LIBERTY LINCOLN-MERCURY, INC., Plaintiff,
v.
FORD MOTOR COMPANY, Defendant.



The opinion of the court was delivered by: BARRY

 BARRY, District Judge

 This matter comes before the court on the motion of defendant Ford Motor Company ("Ford") for partial summary judgment and for dismissal of certain counts of the amended complaint and the cross-motion of plaintiff Liberty Lincoln-Mercury ("Liberty") for partial summary judgment. This court held oral argument on the matter on March 5, 1996.

 I. STATEMENT OF THE CASE

 The facts surrounding this motion are not in dispute. Plaintiff became an authorized Lincoln-Mercury dealer on March 11, 1976, when plaintiff and defendant entered into standard Lincoln and Mercury Dealer Sales and Service Agreements (the "Agreements"). Pl.'s 12(g) Statement of Undisputed Facts ("Pl.'s 12(g) Statement"), P I.A.; Def.'s 12(g) Statement of Undisputed Facts ("Def.'s 12(g) Statement"), P 1. The Agreements were amended on May 7, 1979 to record a change in ownership interests in Liberty.

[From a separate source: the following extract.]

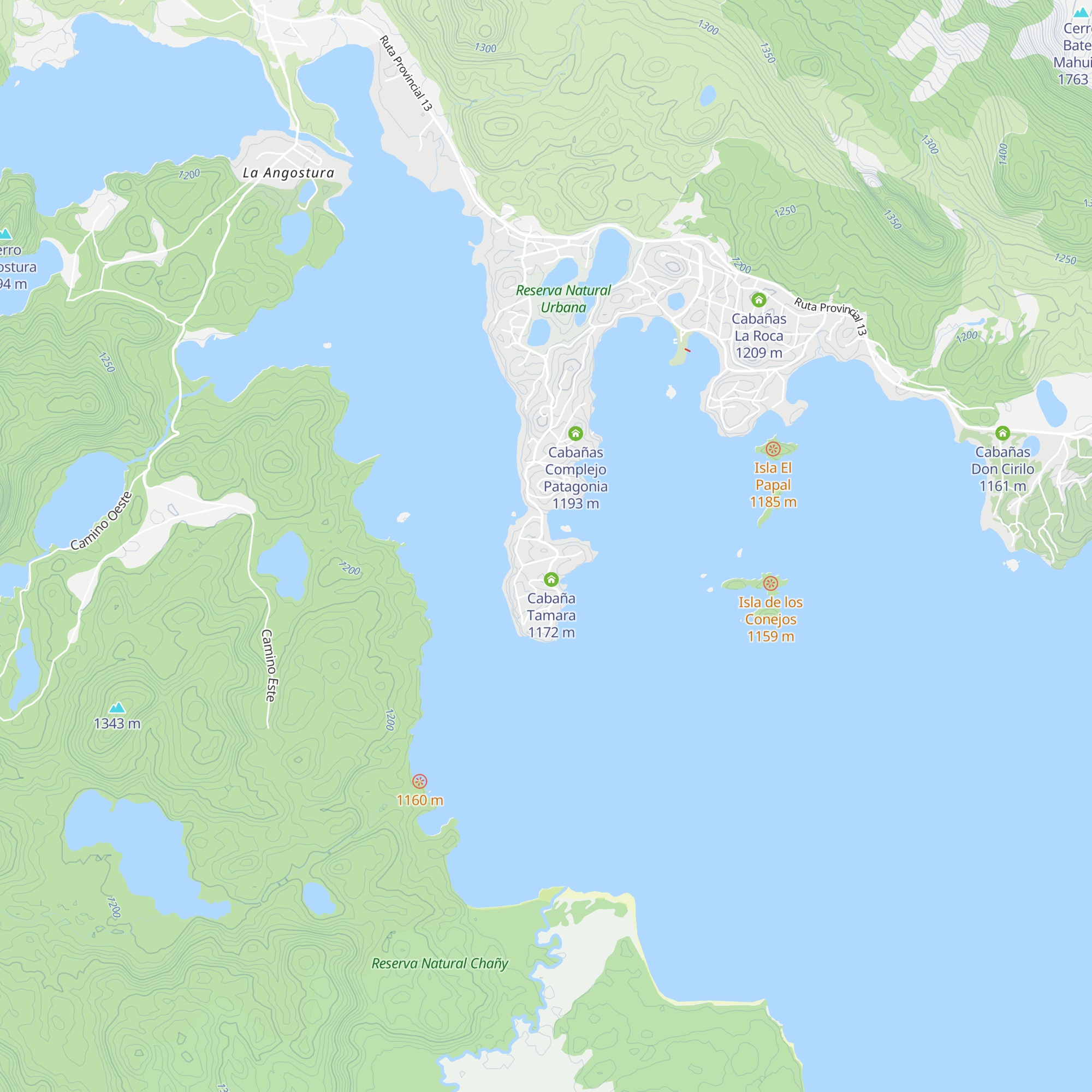 Cabañas El Arrayan map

Pl.'s 12(g) Statement, P I.B.

 Defendant warranties the vehicles it manufactures against manufacturing defects and damages, with the warranties running from defendant to purchasers of new Ford vehicles. Id. at II.A. Although the manufacturer issues the warranty, the Agreements require the dealer to perform the necessary warranty repairs (parts and labor) at no direct cost to the customer, whether or not the dealer had sold the vehicle to the particular purchaser. Id. at II.C. Thus, when a Ford vehicle is covered by the manufacturer's warranty, the owner may bring the vehicle to any franchised dealer and have the vehicle repaired at no cost to him or her.

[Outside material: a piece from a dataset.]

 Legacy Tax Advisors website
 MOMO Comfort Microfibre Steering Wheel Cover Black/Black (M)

 When a dealer repairs an automobile under warranty, the dealer submits a reimbursement claim to defendant for the parts and labor used in satisfying the warranty. Agreements (attached at Certif. of Robert X. Robertazzi ("Robertazzi Certif."), Exs. A, B.), P 4(b) (4), at 8. The amount of the reimbursement is determined by a schedule published in defendant's Warranty and Policy Manual ("Manual"), which is revised and reissued annually. Def.'s 12(g) Statement, PP 3-4. Currently, *fn1" defendant generally reimburses dealers at a standard rate of 40% above the dealer's cost for warranty parts on 1994 (or later) model year vehicles, 35% for 1993 model year vehicles, and 30% for earlier years' vehicles. *fn2" Id. at P 5; Robertazzi Certif., Ex. D. The Manual does not contemplate reimbursing dealers at a reasonable retail rate, or even at the suggested retail rate, which is 63% over cost for parts. Pl.'s 12(g) Statement, P II.G. If a dealer disagrees with the parts reimbursement issued, the Manual provides an appeal procedure whereby a dealer may challenge the amount of reimbursement. Warranty Manual (attached at Aff. of James W. Suhay, Ex. A), *fn3" 6.5-1.

 A bill which supplemented the New Jersey Franchise Practice Act ("NJFPA" or "Act") states,

 
If any motor vehicle franchise shall require or permit motor vehicle franchisees to perform services or provide parts in satisfaction of a warranty issued by the motor vehicle franchisor:
 
a. The motor vehicle franchisor shall reimburse each motor vehicle franchisee . . . for such parts as are supplied, in an amount equal to the prevailing retail price charged by such motor vehicle franchisee for such . . . parts in circumstances where such . . . parts are supplied other than pursuant to warranty.

 N.J. Stat. Ann. § 56:10-15. On December 12, 1992, plaintiff submitted a letter to defendant requesting an increase in its warranty parts reimbursement from 30% (the schedule reimbursement rate at the time) to retail markup, as required by the NJFPA. Robertazzi Certif., Ex. E.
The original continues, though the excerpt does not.